Pour un angle donné, l’énergie des ions diffusés est caractéristique de la masse du noyau cible. Plus le noyau est lourd, plus cette énergie est élevée et surtout plus la probabilité d’observer ce recul est importante car elle varie comme le carré de la charge électrique Z du noyau. La technique est donc appropriée à l’analyse des éléments intermédiaires ou lourds dans un matériau léger

Comme les rayons alpha de la radioactivité, les ions accélérés ont un très court parcours dans la matière qui dépend de l’énergie d’accélération. L’analyse ne concerne que la partie superficielle du matériau (quelques microns au plus) comme la couche de peinture d’un tableau, une fine dorure. Le spectre obtenu avec une cible épaisse présente une forme particulière constituée de marches successives ayant un front à une énergie caractéristique de chaque élément constitutif et une hauteur en première approximation proportionnelle à la concentration atomique de l’élément.

Un spectre RBS des dorures du lustre d’Hildesheim
Il s’agissait d’analyser la composition et l’épaisseur des couches de dorures, dorures à l’amalgame de mercure pour les parties authentiques, électrolytiques pour les parties restaurées. La rétrodiffusion Rutherford permet d’accéder au profil à faible profondeur de la composition des éléments chimiques. L’analyse a montré que les dorures authentiques et restaurées avaient la même composition, sans doute pour assurer l’uniformité des couleurs : l’or employé titre à moins de 21 carats ; l’épaisseur des dorures est de 2 à 5 microns pour la dorure au mercure, 0,2 à 0,5 microns pour la dorure électrolytique. Ces épaisseurs témoignent d’un soin particulier dans les traitements.
© C2RMF

Le spectre RBS fournit aussi une information sur la distribution en profondeur des atomes de la cible, du fait de la perte d’énergie de la particule diffusée lors de son trajet aller-retour. Malgré une sensibilité bien moindre que l’analyse PIXE, la méthode est bien adaptée au dosage des éléments lourds. Elle offre le précieux avantage de fournir une information sur la distribution de l’atome-cible en profondeur. L’énergie de rétrodiffusion qui est mesurée dépend de la localisation de cet atome et donc du ralentissement de la particule dans le matériau, ralentissement que l’on sait calculer avec une bonne précision.

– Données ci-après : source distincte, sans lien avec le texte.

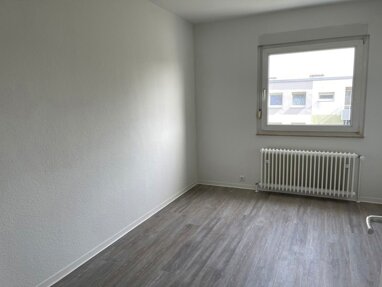 Wohnung zur Miete 578 € 3 Zimmer 68 m² 2. Geschoss Kurt-Schumacher-Str. 9 Kaster Bedburg 50181
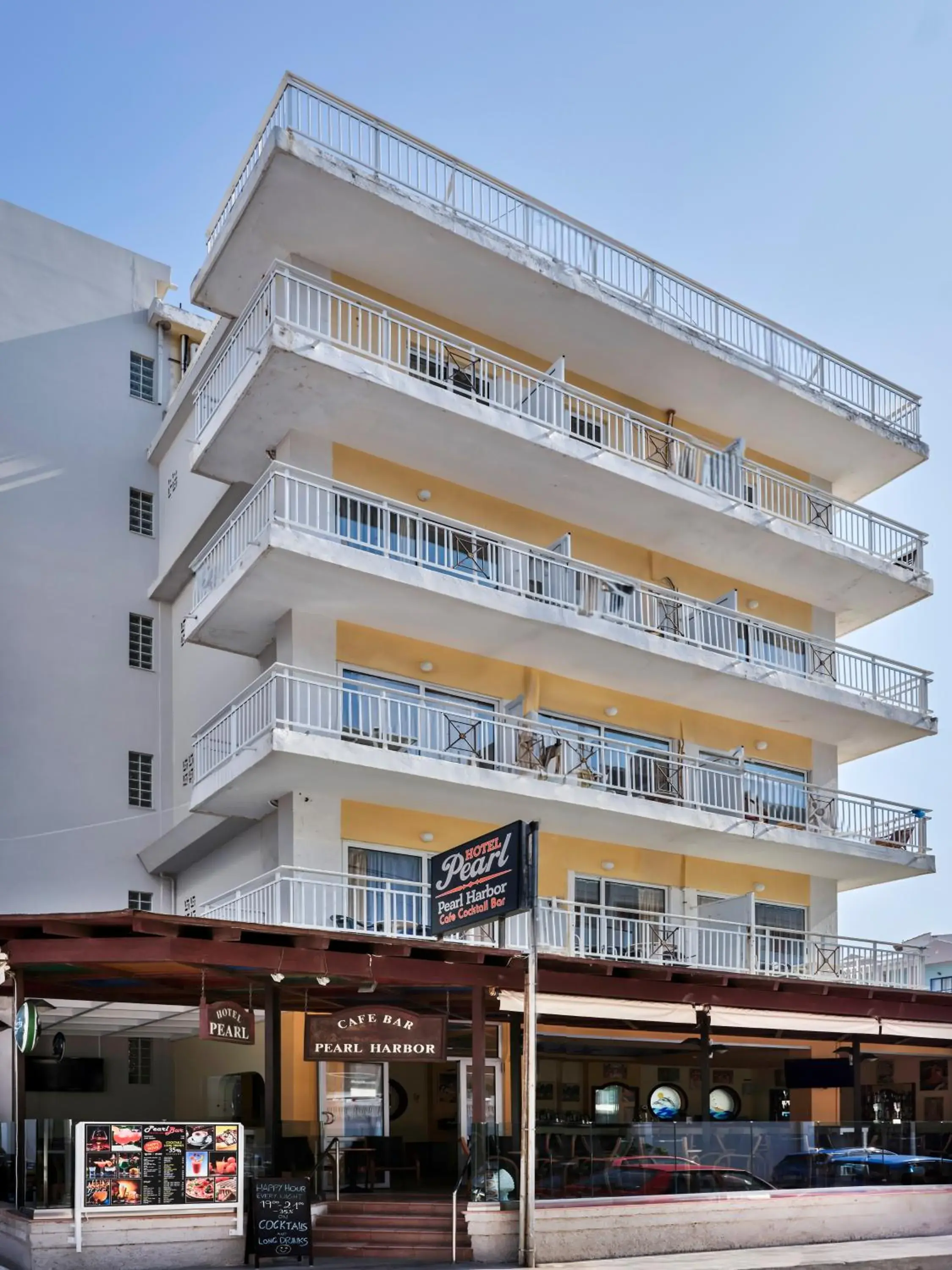 Property building in Pearl Hotel Property building in Pearl Hotel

Souvent on combine les analyses PIXE et RBS. La technique PIXE, extrêmement sensible, ne donne accès qu’à la mesure de la concentration en surface des éléments chimiques à partir du sodium (Z>10), même à l’état de traces. La mise en œuvre simultanée des techniques PIXE et RBS permet de relier les concentrations de surface d’éléments obtenues par PIXE à la densité de l’échantillon obtenue par RBS. On peut ainsi mesurer des concentrations d’éléments traces aussi minimes que quelques millionième de gramme par gramme (ppm).